- Work item: Please repeat the listing below exactly, but do not include its pictures.

========

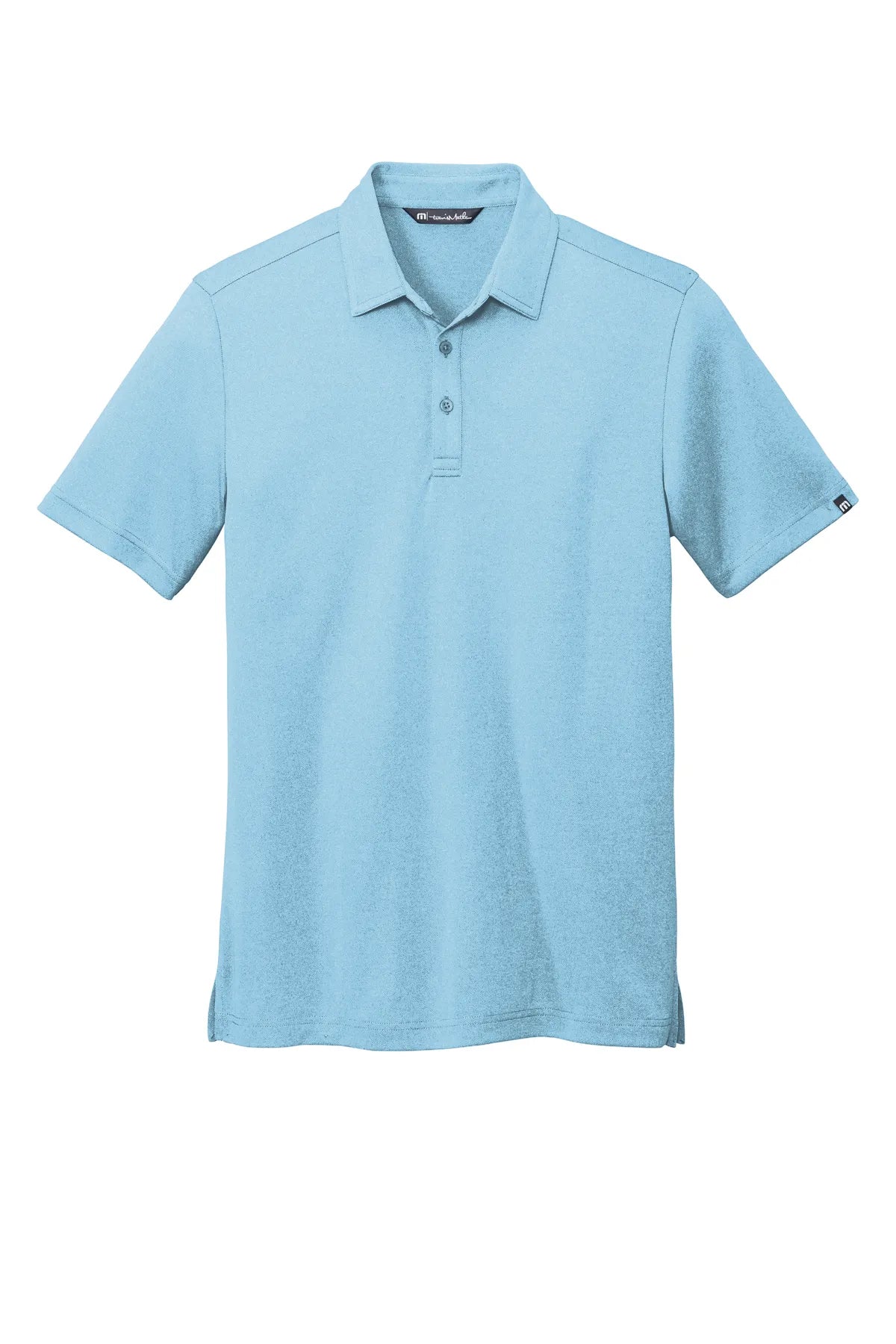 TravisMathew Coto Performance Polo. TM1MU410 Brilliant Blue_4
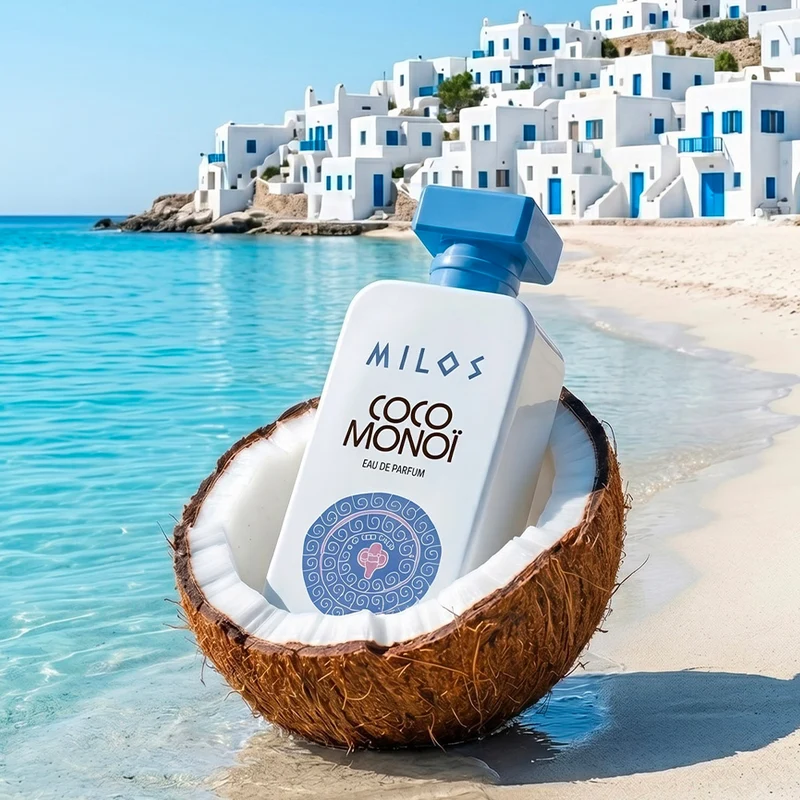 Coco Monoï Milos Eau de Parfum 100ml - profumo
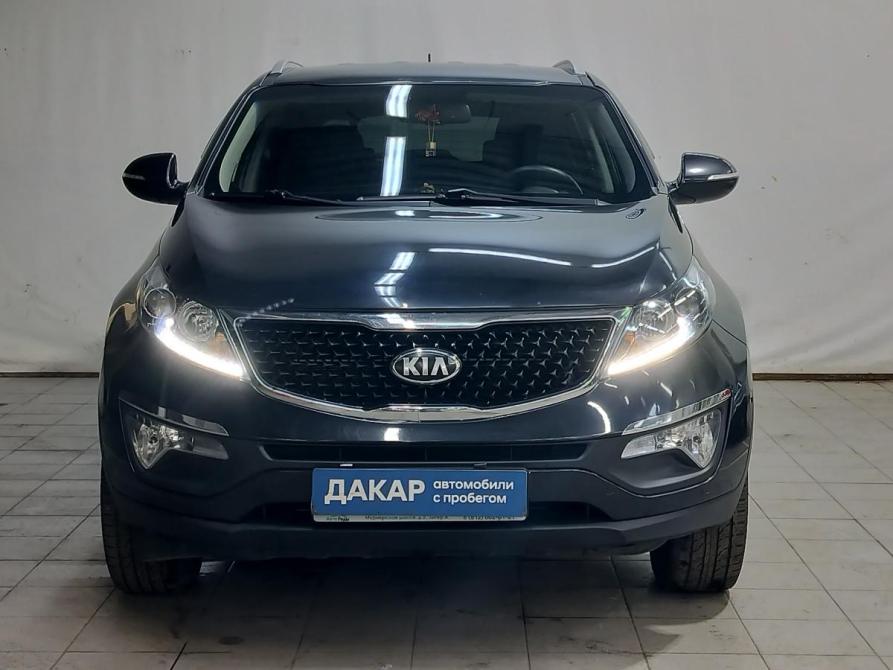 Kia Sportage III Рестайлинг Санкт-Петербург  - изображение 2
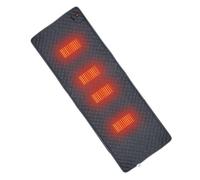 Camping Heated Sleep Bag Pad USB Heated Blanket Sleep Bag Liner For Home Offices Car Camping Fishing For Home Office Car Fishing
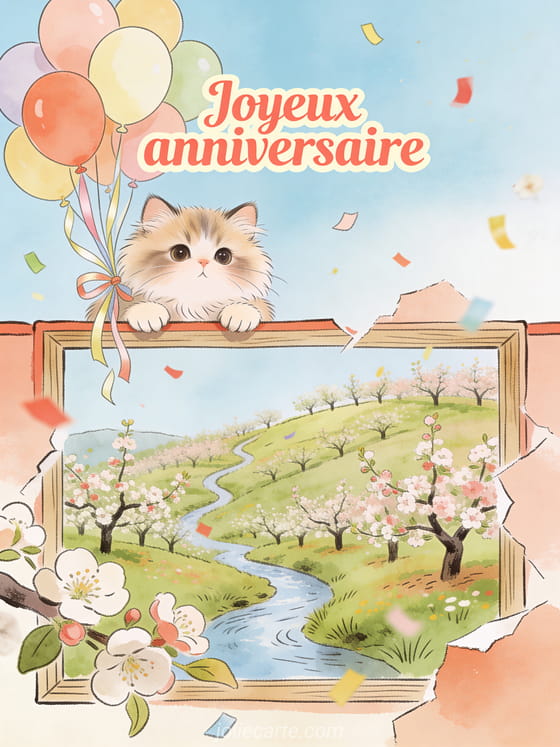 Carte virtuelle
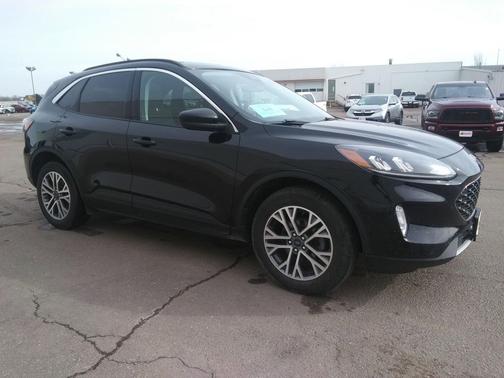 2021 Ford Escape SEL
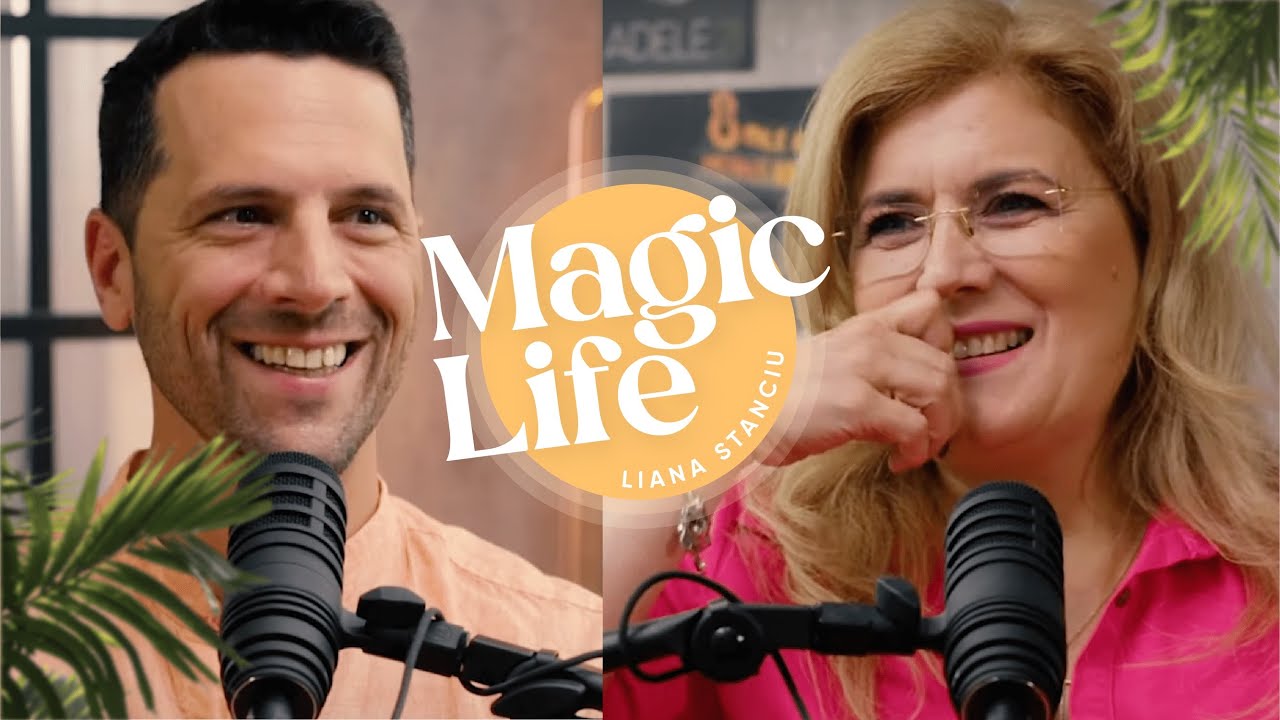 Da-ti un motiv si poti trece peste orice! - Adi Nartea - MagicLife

========

- Answer to the problem:
 TravisMathew Coto Performance Polo. TM1MU410 Brilliant Blue_4
 Coco Monoï Milos Eau de Parfum 100ml - profumo
 Kia Sportage III Рестайлинг Санкт-Петербург  - изображение 2
 Camping Heated Sleep Bag Pad USB Heated Blanket Sleep Bag Liner For Home Offices Car Camping Fishing For Home Office Car Fishing
 Carte virtuelle
 2021 Ford Escape SEL
 Da-ti un motiv si poti trece peste orice! - Adi Nartea - MagicLife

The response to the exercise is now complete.